### THE DATA
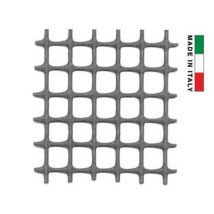 1 Pz Rete In Plastica Quadra Antracite Mm.10x10 - Maglia Mm.10x10 - Altezza Cm.100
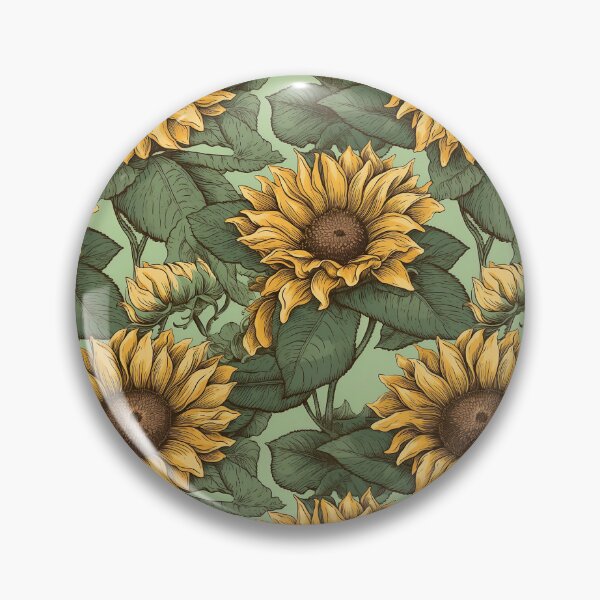 Item preview, sunflower, sunflower pattern designed and sold by ArtVilleStore.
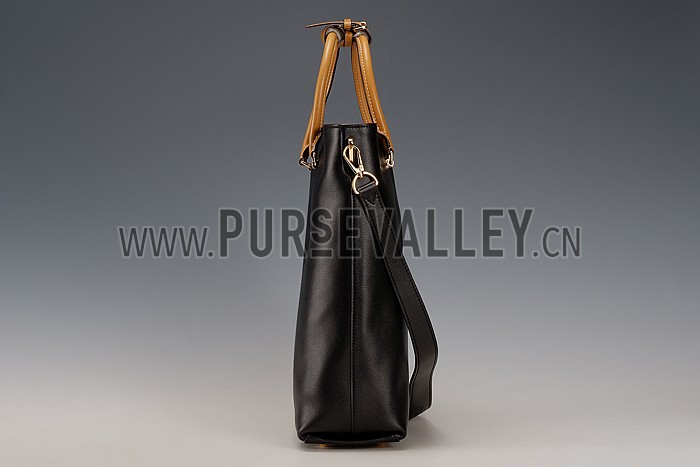 Louis Vuitton Flore Black With Tan Handles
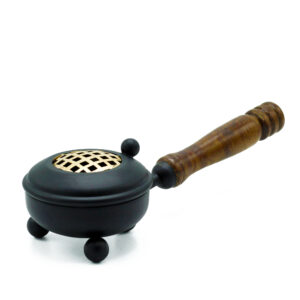 Medium Iron Censer Incense Burner - Gold detail  (BIB-15)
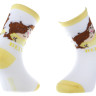 Шкарпетки PRINCESS BELLE білий, жовтий Діт 19-22, арт.43891047-3 43891047-3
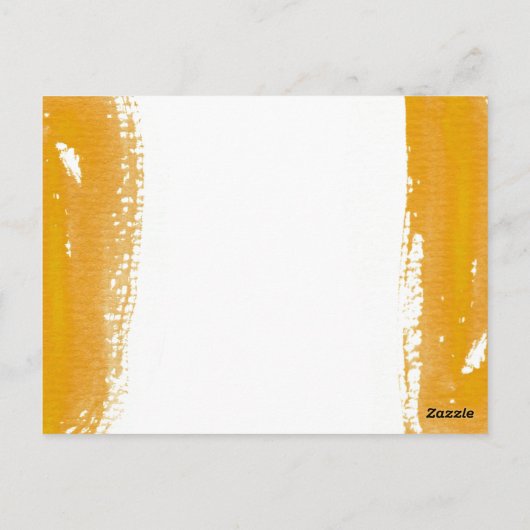 Waterverf Sla de datum op. De datum opslaan Briefkaart (Achterkant)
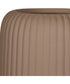 Ridge Light Brown Vases, Set of 2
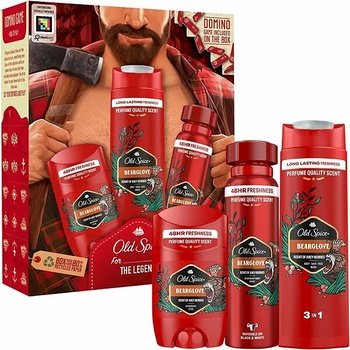 Old Spice Bearglove sprchový gél 250 ml + deodorant stick 50 ml + deodorant sprej 150 ml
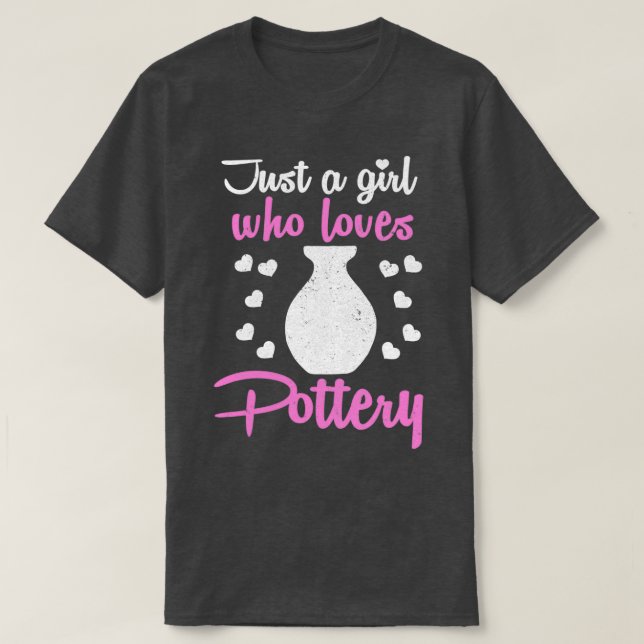 Pottery Potter Clay Ceramics 1 T-Shirt (Design Front)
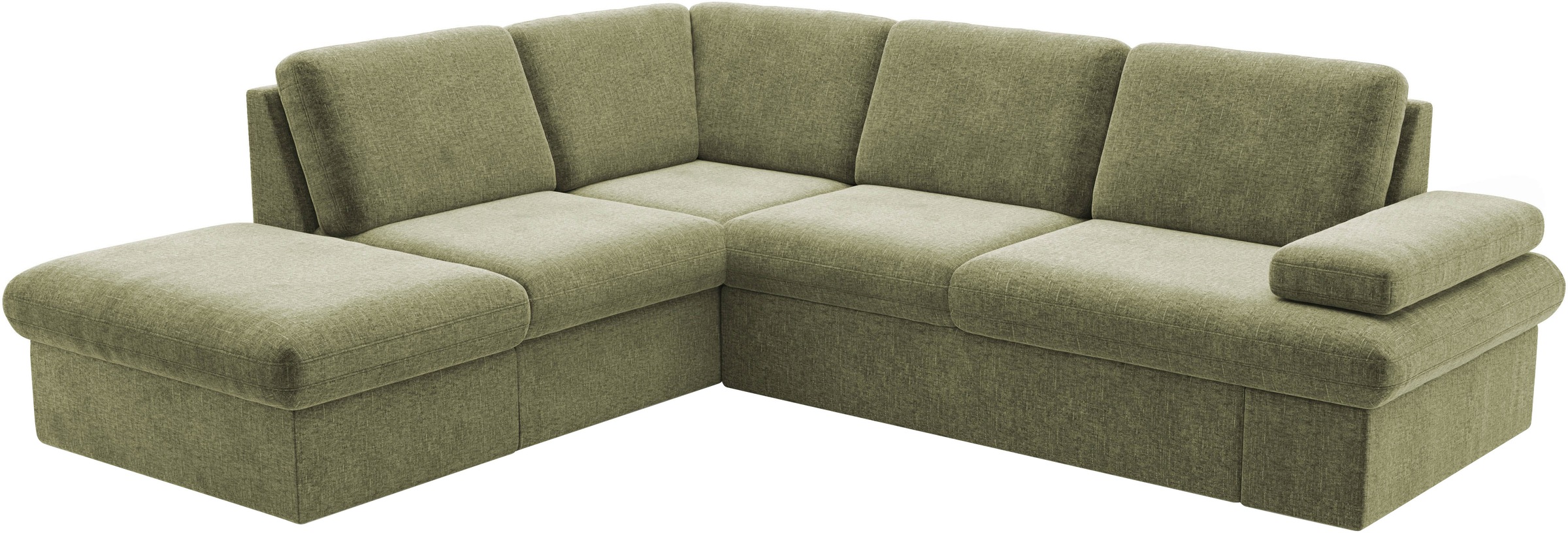 sit&more Ecksofa »Moreno L-Form, B: 238 cm«, mit Armteilverstellung, optional Bettfunktion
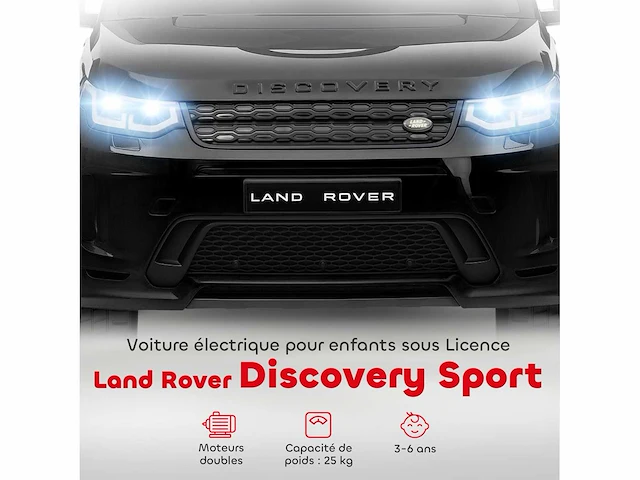 Elektrische auto voor kinderen - land rover discovery sport - afbeelding 5 van  7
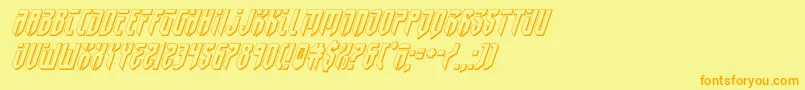 Шрифт fedyral23dital – оранжевые шрифты на жёлтом фоне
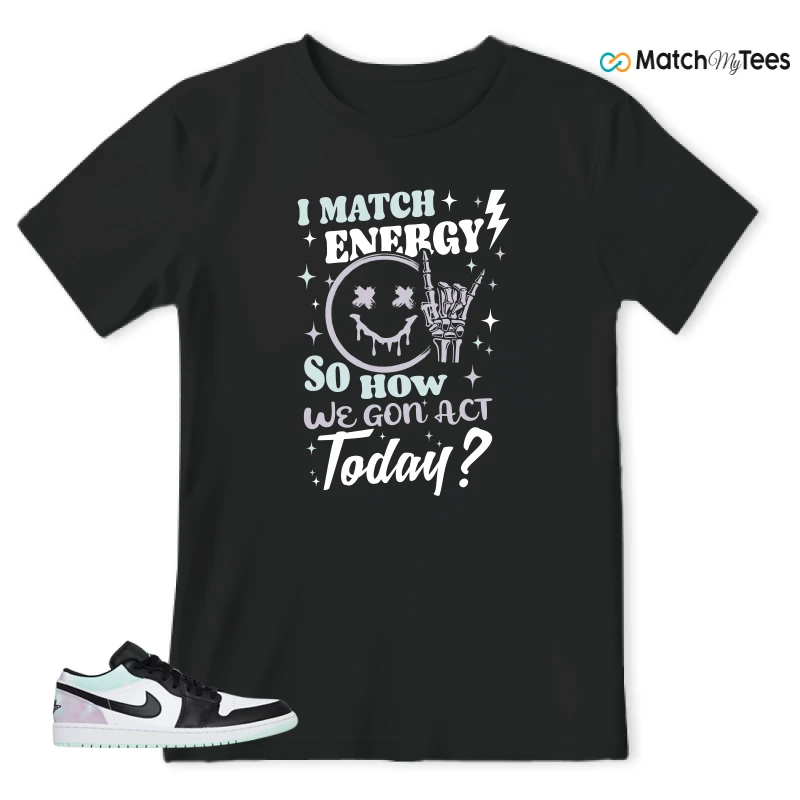 NIKE JORDAN 1 LOW TIE-DYE SNEAKER Matching Tees t-shirt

### WHAT IS EXPECTED
Leave every picture out, and repeat exactly the lines from the one containing "Old Spice Bearglove" through the last line of the entries, both ends included.

### RESULT BELOW
 Old Spice Bearglove sprchový gél 250 ml + deodorant stick 50 ml + deodorant sprej 150 ml
 Pottery Potter Clay Ceramics 1 T-Shirt (Design Front)
 sit&more Ecksofa »Moreno L-Form, B: 238 cm«, mit Armteilverstellung, optional Bettfunktion
 Elektrische auto voor kinderen - land rover discovery sport - afbeelding 5 van  7
 Шрифт fedyral23dital – оранжевые шрифты на жёлтом фоне
 NIKE JORDAN 1 LOW TIE-DYE SNEAKER Matching Tees t-shirt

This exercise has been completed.